Verrassend

Dit artikel hoort bij: EZK in Beeld - Voedsel

8x verrassend

Zeewier en algen als eiwitvervangers

We kennen zeewier als voedselproduct al als het donkergroene omhulsel van sushi. Maar de komende jaren zullen meer voedselproducten uit zeewier en algen worden ontwikkeld. 

De wereldbevolking groeit naar 9 miljard mensen in 2050. Daarmee zal de vraag naar eiwitten sterk toenemen. Het vinden van nieuwe, duurzame vormen van eiwitproducten, op basis van bijvoorbeeld zeewier is daarom van groot belang. Deze zoutwaterplant zit vol eiwitten, koolhydraten, vitamines en vetzuren. Ook microalgen bestaan voor ongeveer 40% uit eiwitten en zijn zeer geschikt voor eiwitproductie.

Algenburger
Van producten als zeewierkaas of een algenburger hoeven we nu al niet op te kijken. Die zijn gewoon in de winkel verkrijgbaar. Maar wat kunnen we nog meer verwachten van algen en zeewier? Met een budget van 850 duizend euro van het ministerie van Economische Zaken doen kennisinstellingen uit de topsector Water onderzoek naar deze nieuwe vorm van ‘landbouw op zee’.

Er zijn nog geen grootschalige zeewierboerderijen. In de Oosterschelde ligt een testlocatie voor wierteelt, waar wetenschappers uit Wageningen onderzoek doen. Op deze kleine proefboerderij oogsten onderzoekers het zeewier handmatig op hun knieën, maar voor commerciële teelt op honderden hectaren zijn oogstmachines onontbeerlijk. Ook is de zeewierteelt nog niet bestand tegen de ruwe zee met soms hoge golven.

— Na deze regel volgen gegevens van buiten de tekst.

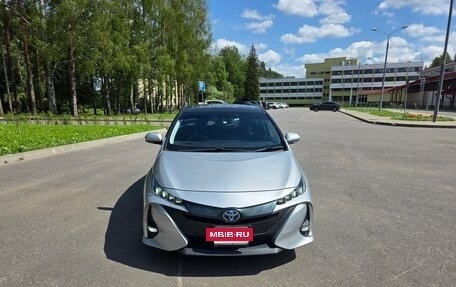 Toyota Prius IV XW50, 2017 год, 1 750 000 рублей, 14 фотография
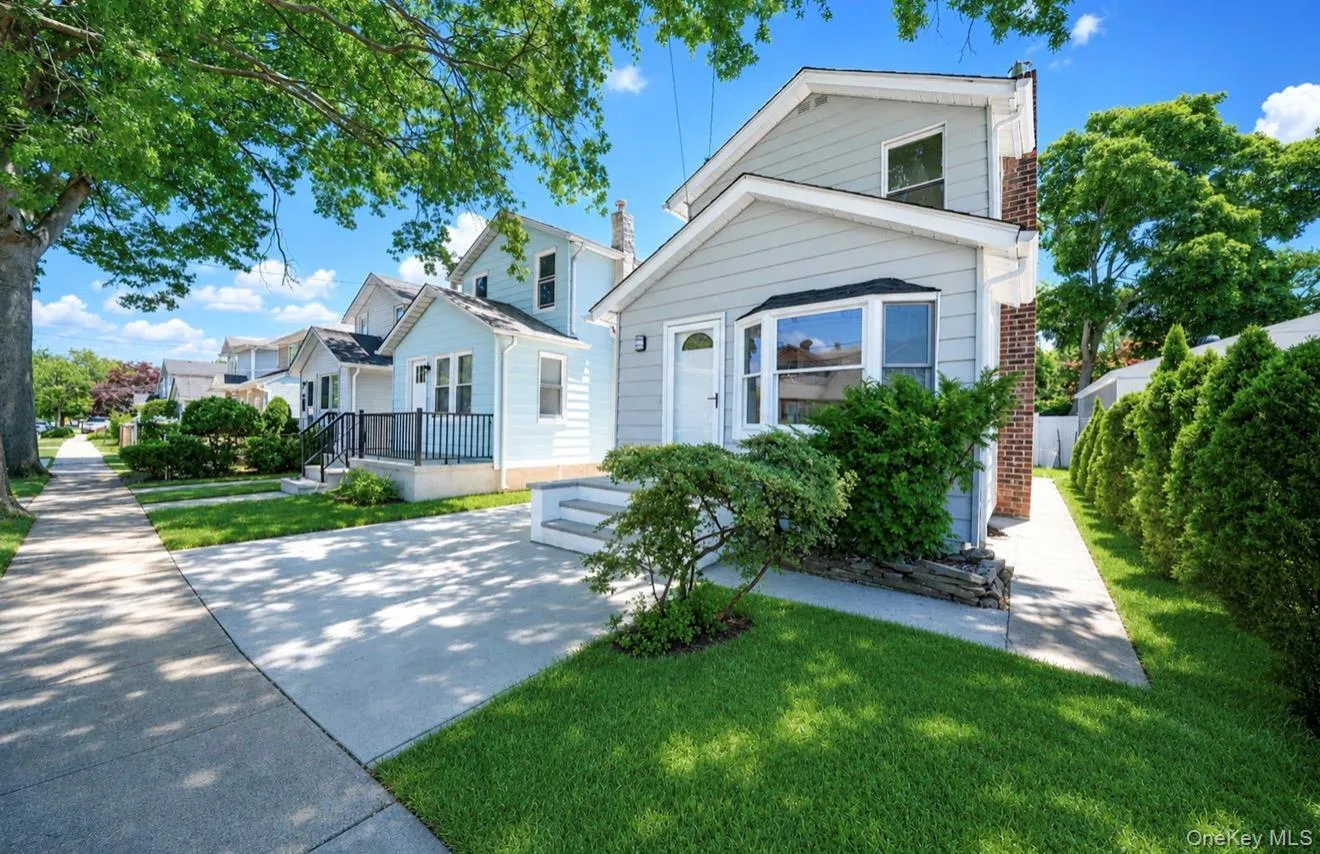 530 Washington Avenue, Hempstead, NY, 3 Bedrooms Bedrooms, 9 Rooms Rooms,2 BathroomsBathrooms,Residential,For Rent,Washington,0,1018328 530 Washington Avenue, Hempstead, NY, 3 Bedrooms Bedrooms, 9 Rooms Rooms,2 BathroomsBathrooms,Residential,For Rent,Washington,0,1018328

Wilt u ook eens een gerecht met zeewier uitproberen?

Foto: ANP
Auteur: Carolien Groeneveld

Kweekvlees van het lab

De druk op onze vleesconsumptie neemt toe. Runderen en varkens dragen een aanzienlijk deel bij aan het broeikaseffect en de verwachting is dat de vraag naar vlees wereldwijd zal toenemen. Het Nederlandse bedrijf Mosa Meat wil binnen 4 jaar ‘kweekvlees’ op de markt brengen.

Een biopsie, ofwel een klein deel, van het spierweefsel van bijvoorbeeld een levende of dode koe is al genoeg om het weefsel te laten opkweken tot een mals biefstukje. Hiervoor zijn stamcellen het meest geschikt, omdat die cellen zich snel kunnen delen. In een aantal weken vormen de cellen, die tussentijds gevoed worden, zich tot nieuw spierweefsel. 

Kweekhamburger
In 2013 kweekte het bedrijf op die manier al een ‘kweekhamburger’, die wel de structuur van vlees had, maar nog naar niets smaakte. ’Vlees bestaat uit meer dan alleen spierweefsel, het bevat ook vet en hemoglobine, die aan vlees de zo typerende  bloed/metaalachtige smaak geeft’, zegt Peter Verstrate van Mosa Meat. Het bedrijf wil de smaak van kweekvlees nu verder verfijnen door ook die essentiële elementen aan het kweekvlees toe te voegen. 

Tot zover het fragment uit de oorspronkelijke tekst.